• WHAT IS EXPECTED
Exactly as written, set down each line of the data below except its pictures.

• PROVIDED INFORMATION
+===+
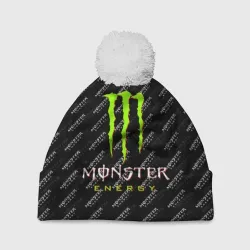 Шапка 3D c помпоном Monster energy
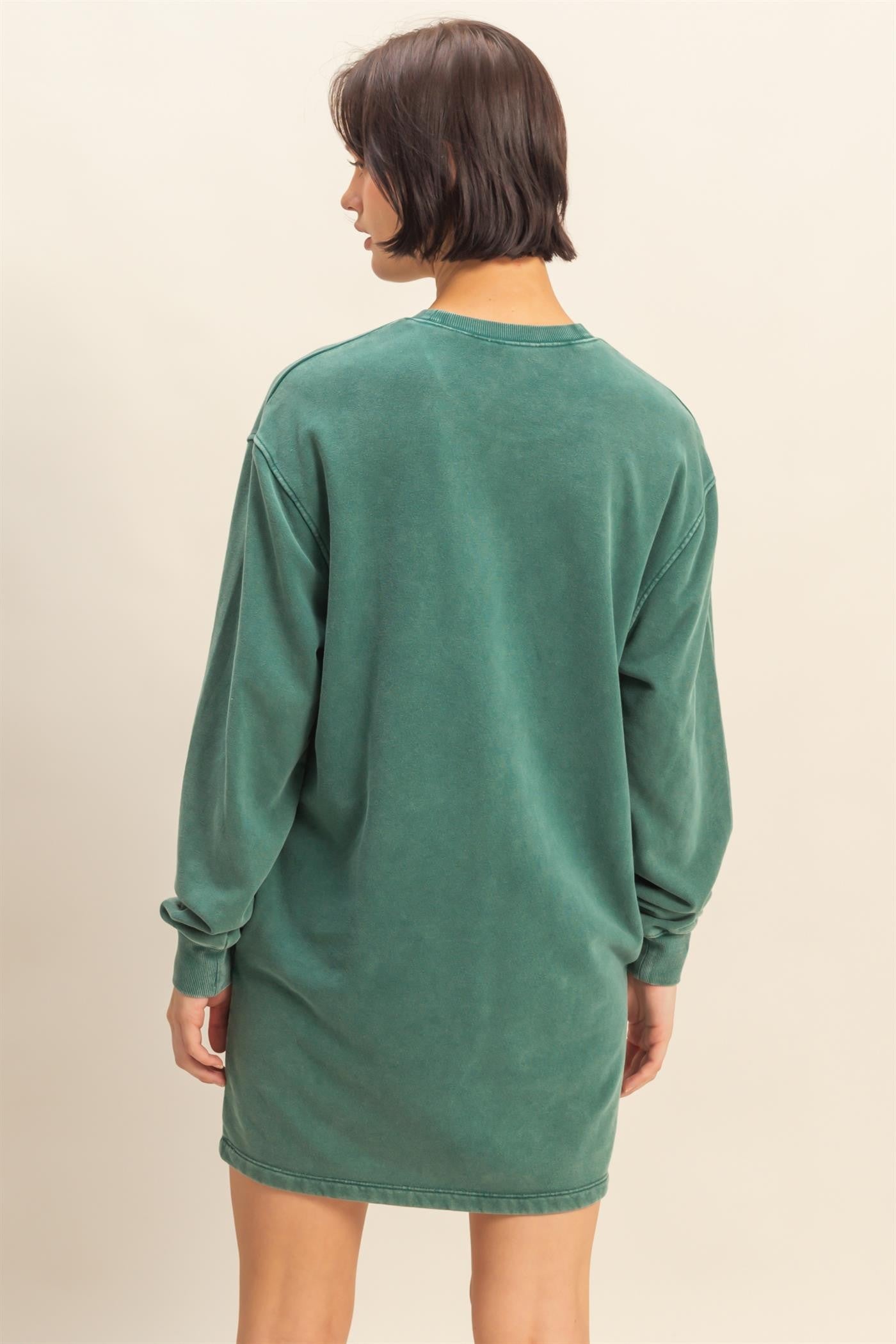 Forest Green Mineral Wash Oversized Sweatshirt Mini Dress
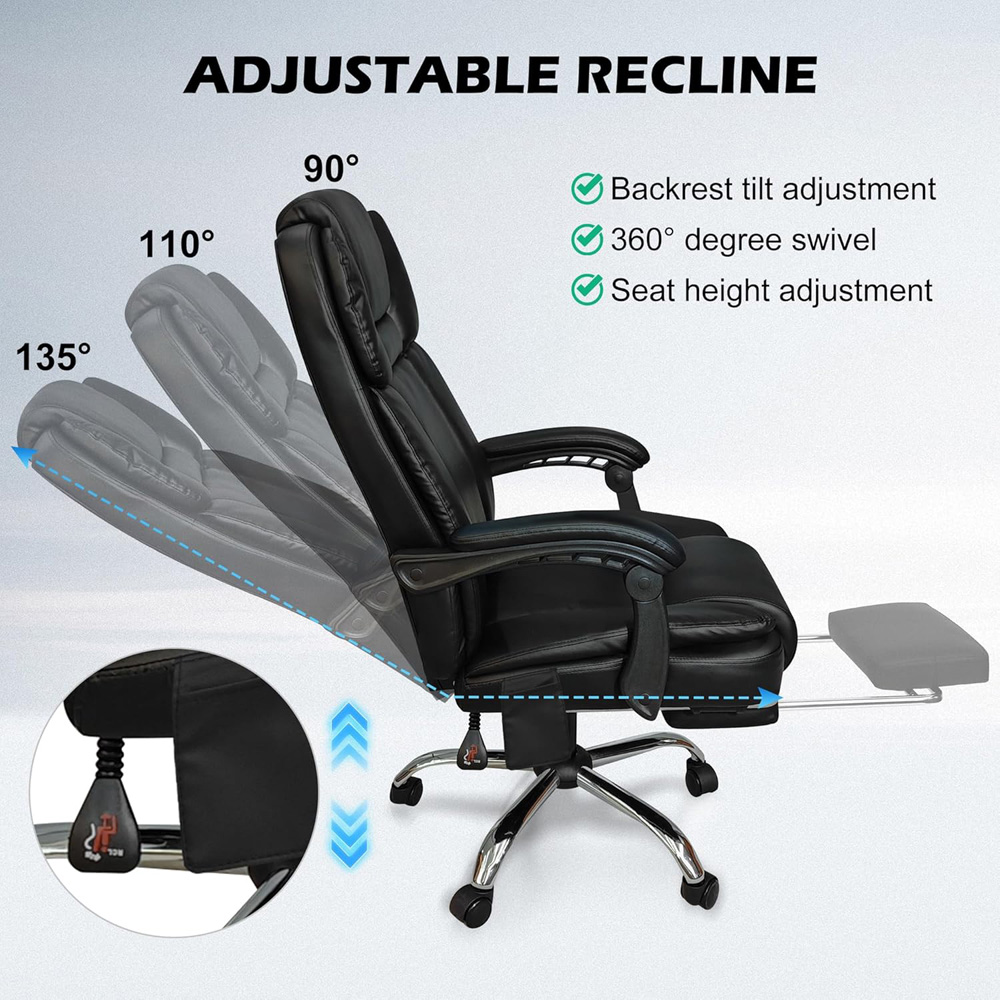 Alivio Black PU Leather Swivel Recliner Office Massage Chair with Footrest Image 5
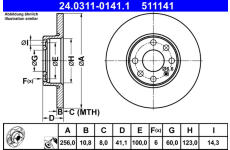 Brzdový kotouč ATE 24.0311-0141.1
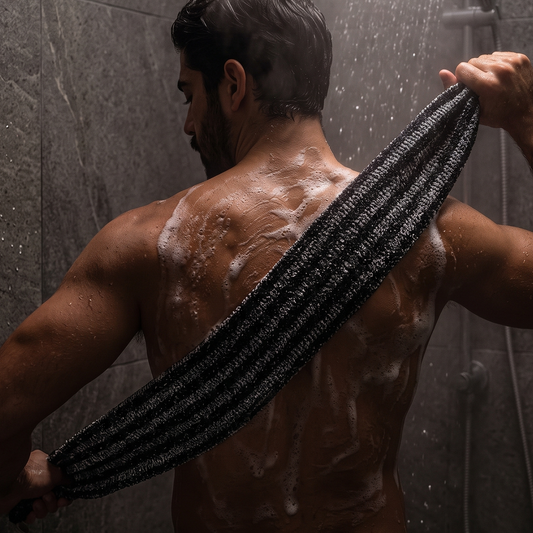 Close-up of the back scrubber towel in use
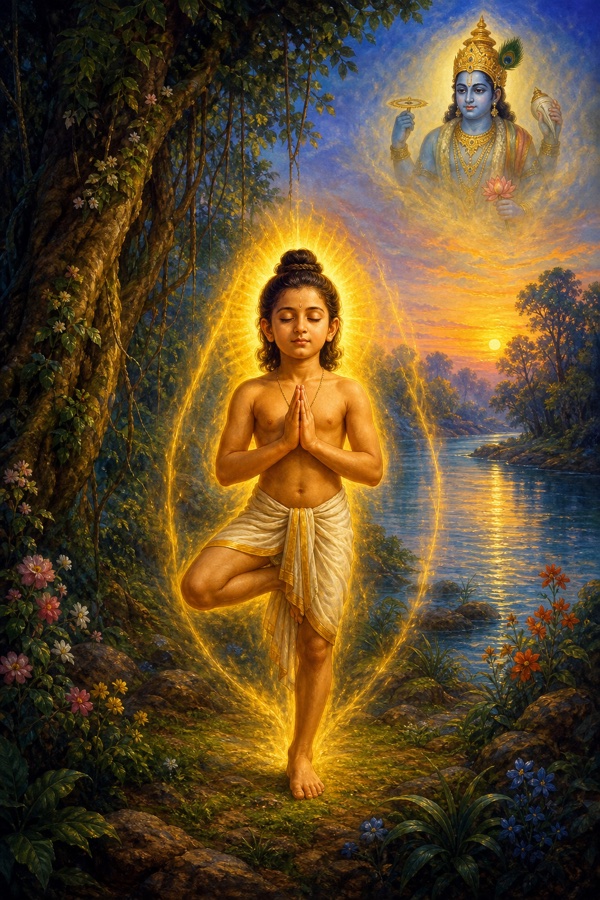 Painterly classical-Indian color illustration of austere penance in Madhuvana on the bank of the Yamuna: boy Dhruva standing motionless on a single leg like a pillar, breath stilled, eyes closed in deep meditation; lean from months of fasting; river and forest behind, dawn light, glow of inner fire, deep blues and forest greens.
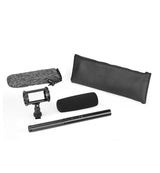 Shotgun mic kit with foam windscreen, shock mount, furry cover, and black storage pouch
+===+
• ANSWER TO THIS TASK
 Шапка 3D c помпоном Monster energy
 Forest Green Mineral Wash Oversized Sweatshirt Mini Dress
 Alivio Black PU Leather Swivel Recliner Office Massage Chair with Footrest Image 5
 Brzdový kotouč ATE 24.0311-0141.1
 Close-up of the back scrubber towel in use
 Painterly classical-Indian color illustration of austere penance in Madhuvana on the bank of the Yamuna: boy Dhruva standing motionless on a single leg like a pillar, breath stilled, eyes closed in deep meditation; lean from months of fasting; river and forest behind, dawn light, glow of inner fire, deep blues and forest greens.
 Shotgun mic kit with foam windscreen, shock mount, furry cover, and black storage pouch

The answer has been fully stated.